WHAT YOU HAVE TO DO
With pictures left out, only the lines from the one containing "221 SE 9th Ave, Unit" through the end of the records should be reproduced exactly, please.

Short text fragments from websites
---+---

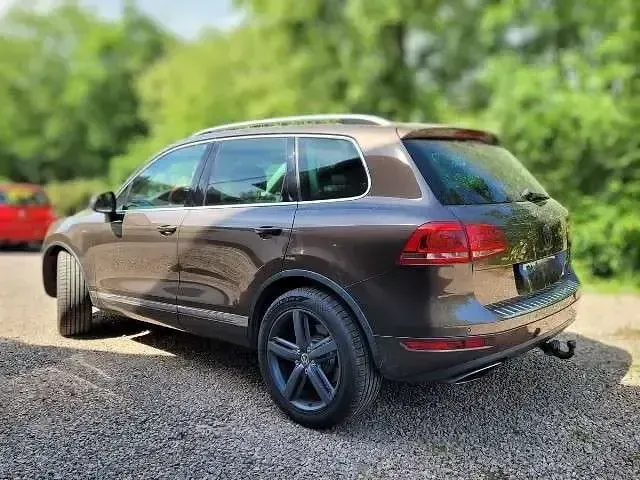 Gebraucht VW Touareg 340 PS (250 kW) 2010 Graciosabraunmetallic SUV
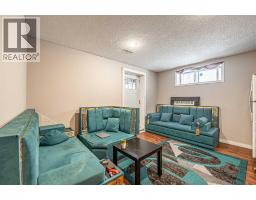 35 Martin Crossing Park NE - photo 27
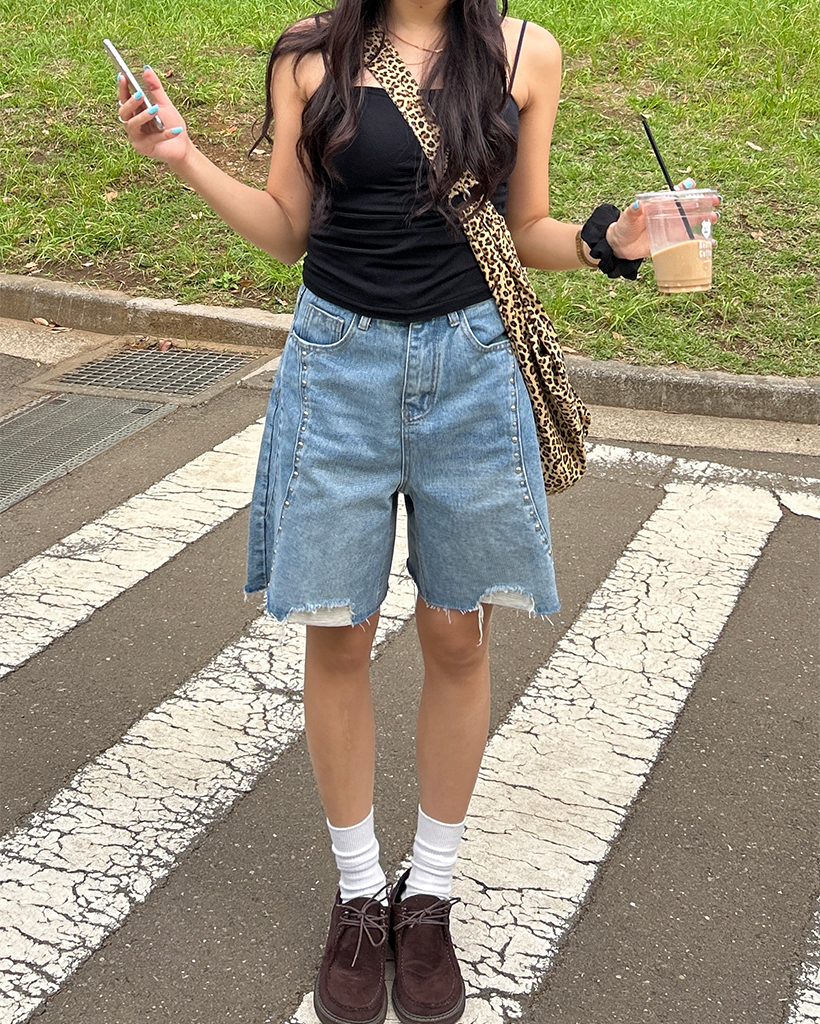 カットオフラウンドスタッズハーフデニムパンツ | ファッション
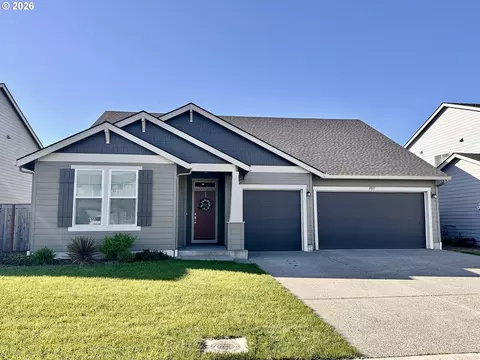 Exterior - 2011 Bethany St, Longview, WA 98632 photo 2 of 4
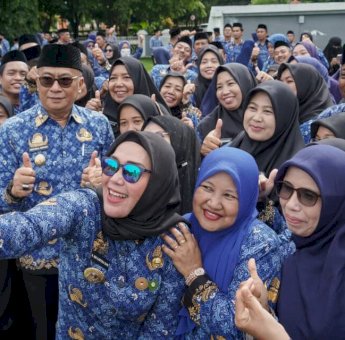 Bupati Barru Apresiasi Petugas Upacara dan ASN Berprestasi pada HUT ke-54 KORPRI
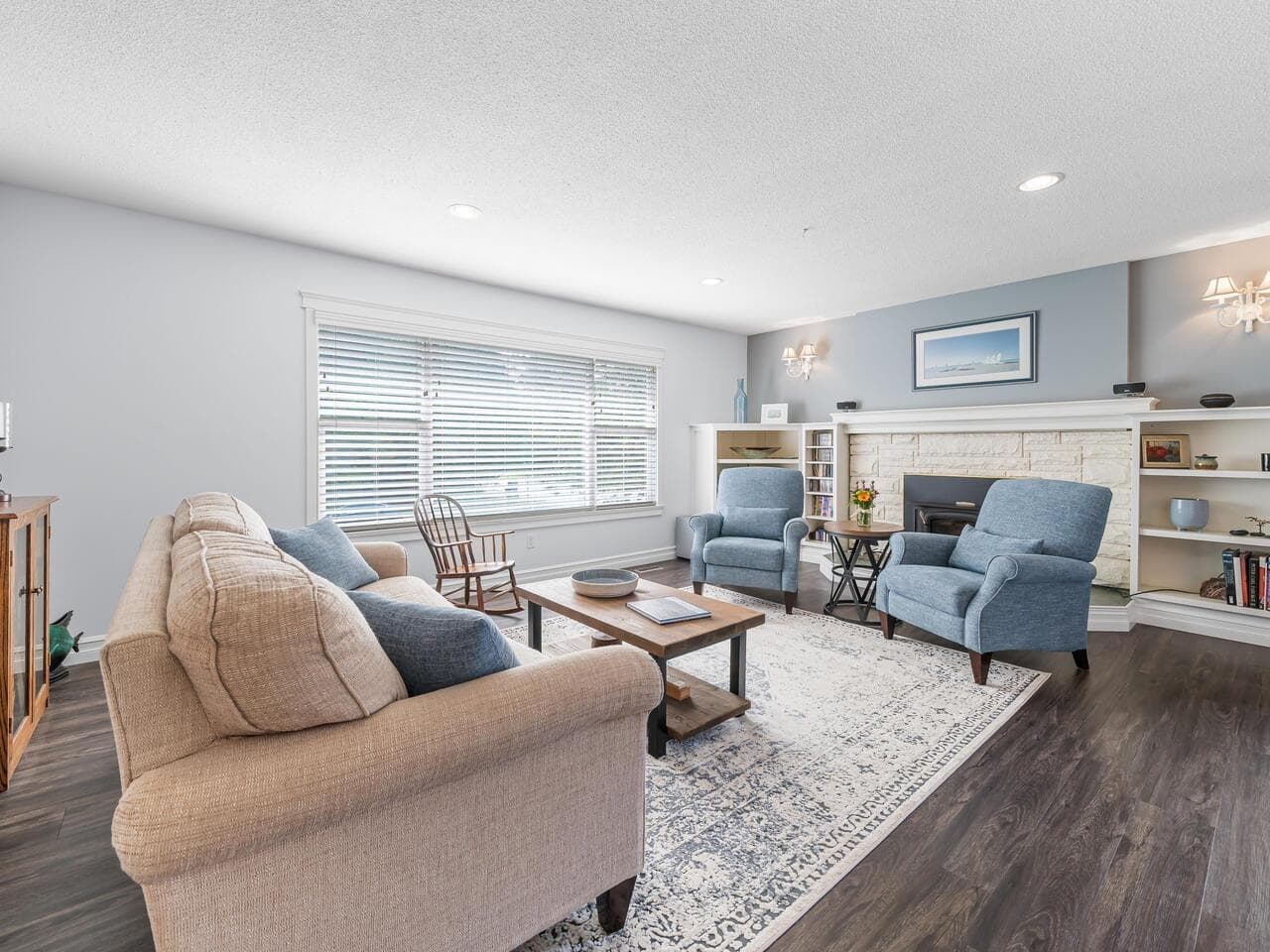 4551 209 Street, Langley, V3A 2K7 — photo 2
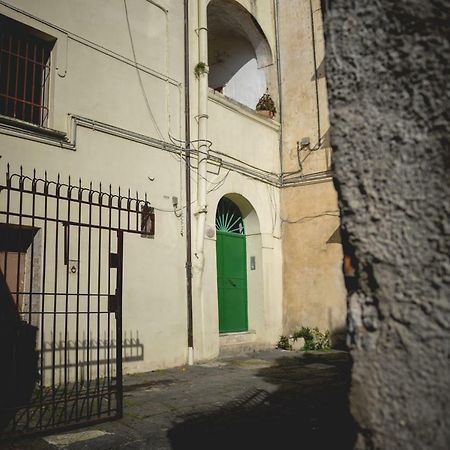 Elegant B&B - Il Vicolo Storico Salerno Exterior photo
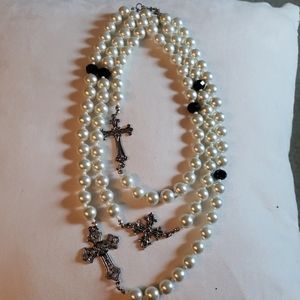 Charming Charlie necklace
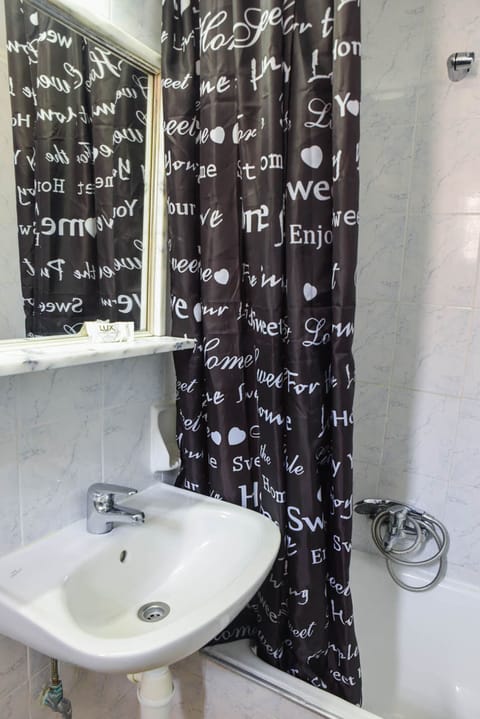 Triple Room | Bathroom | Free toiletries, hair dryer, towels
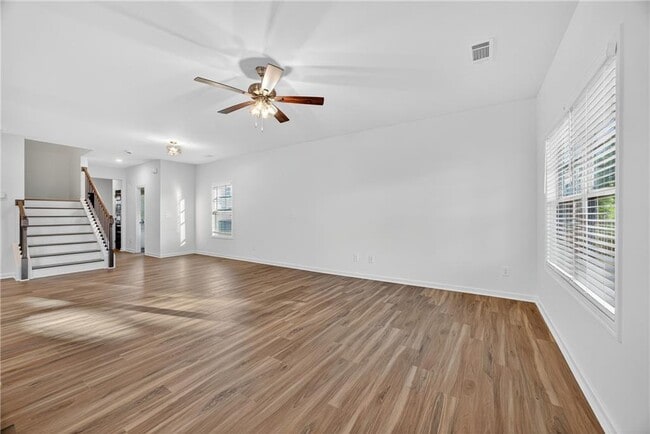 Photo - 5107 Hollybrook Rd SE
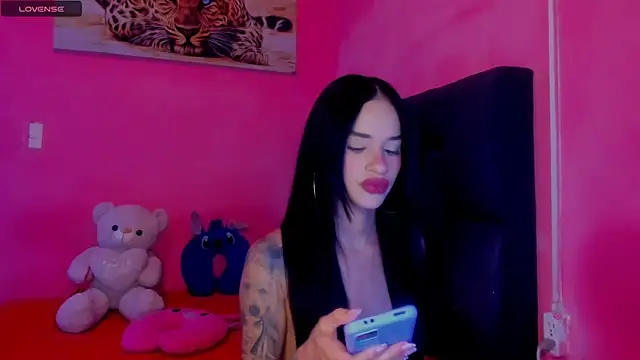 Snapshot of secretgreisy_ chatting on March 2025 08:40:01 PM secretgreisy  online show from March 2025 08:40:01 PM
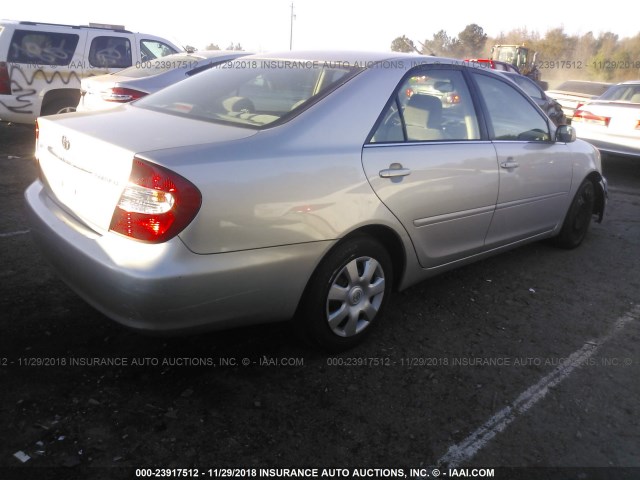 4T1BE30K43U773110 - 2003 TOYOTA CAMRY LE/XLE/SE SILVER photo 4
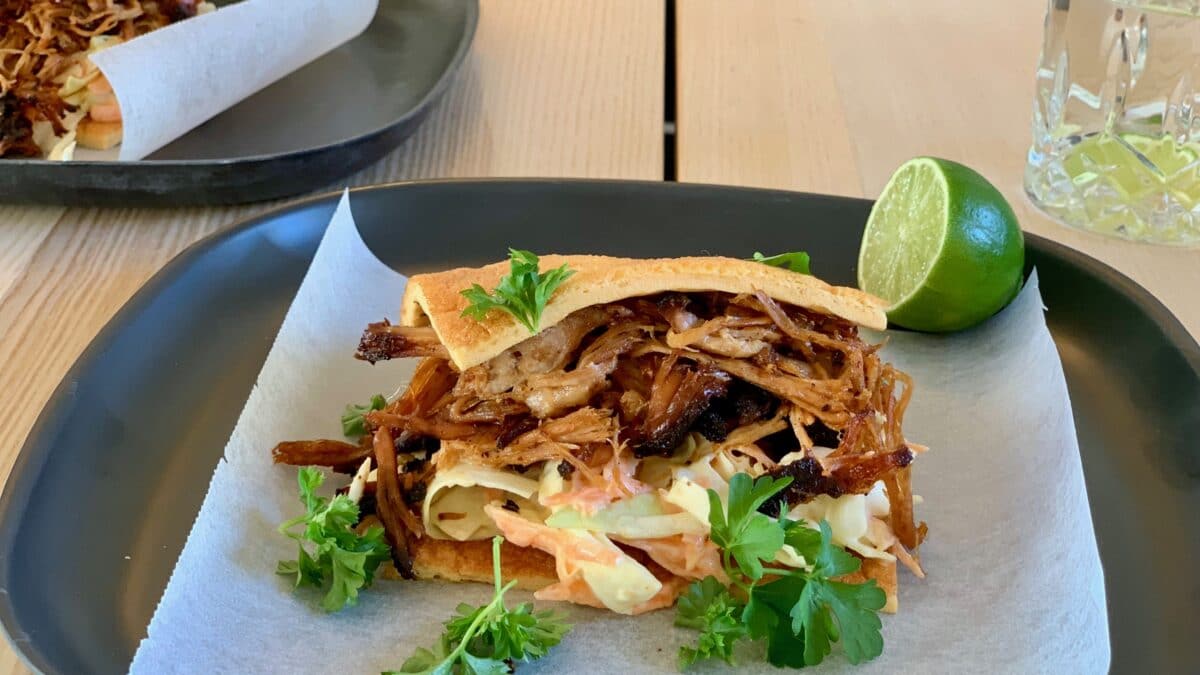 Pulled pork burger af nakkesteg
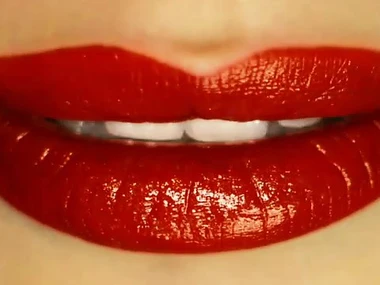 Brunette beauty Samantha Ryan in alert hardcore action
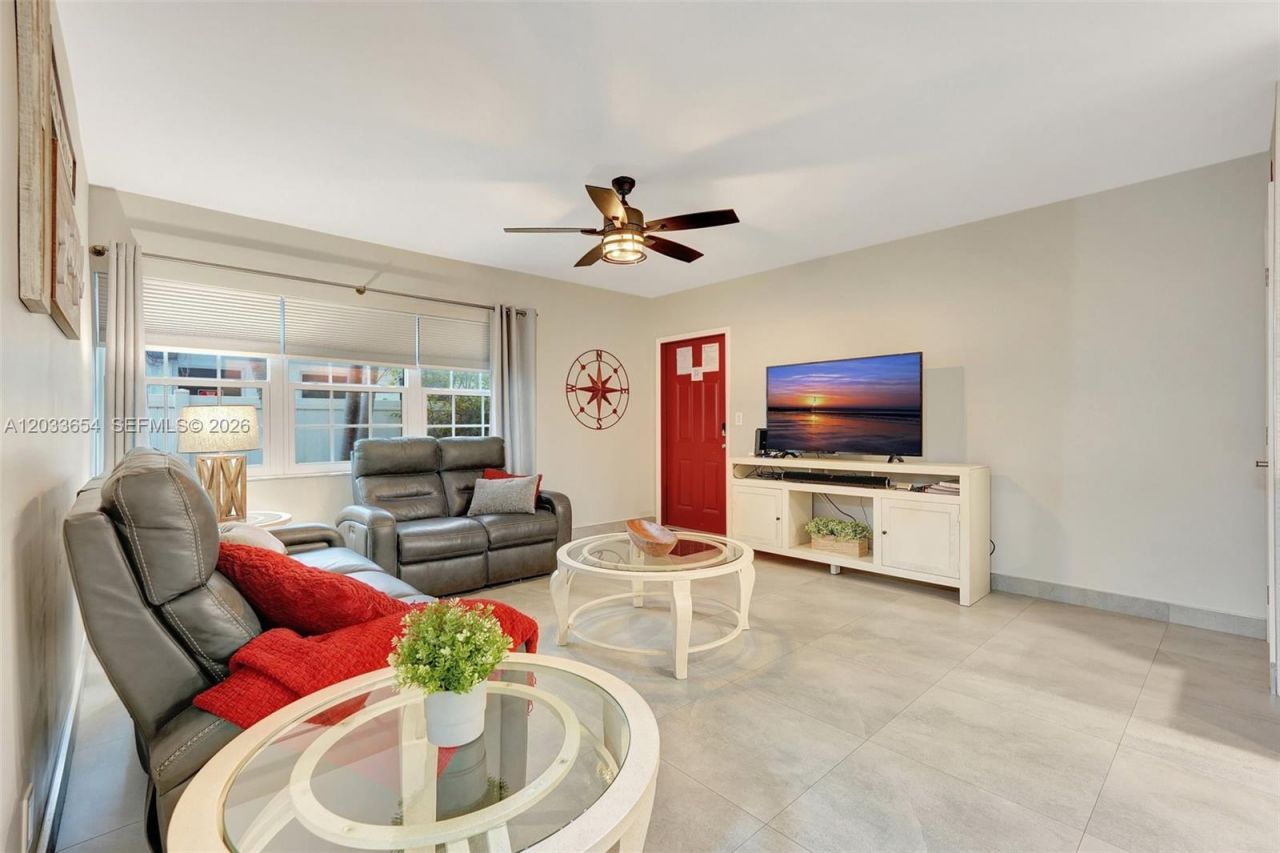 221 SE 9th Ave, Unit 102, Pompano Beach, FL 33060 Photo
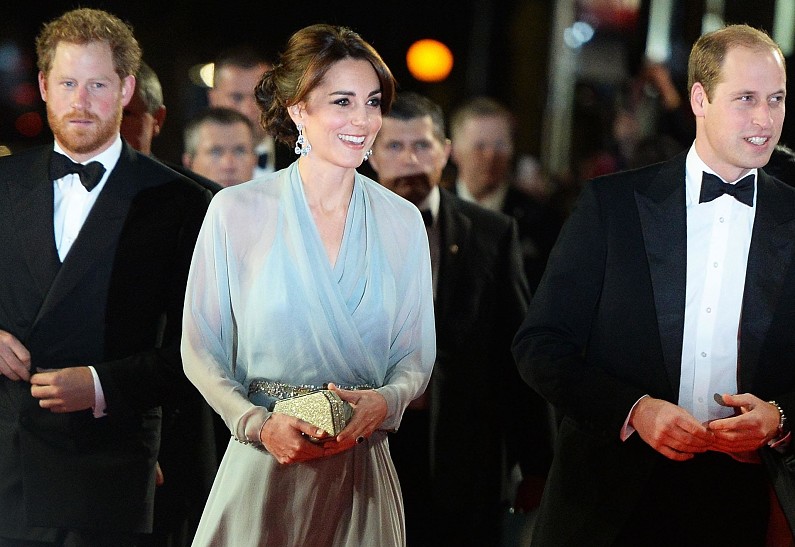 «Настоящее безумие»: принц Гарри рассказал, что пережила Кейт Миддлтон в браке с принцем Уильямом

---+---

COMPLETED TASK
 221 SE 9th Ave, Unit 102, Pompano Beach, FL 33060 Photo
 «Настоящее безумие»: принц Гарри рассказал, что пережила Кейт Миддлтон в браке с принцем Уильямом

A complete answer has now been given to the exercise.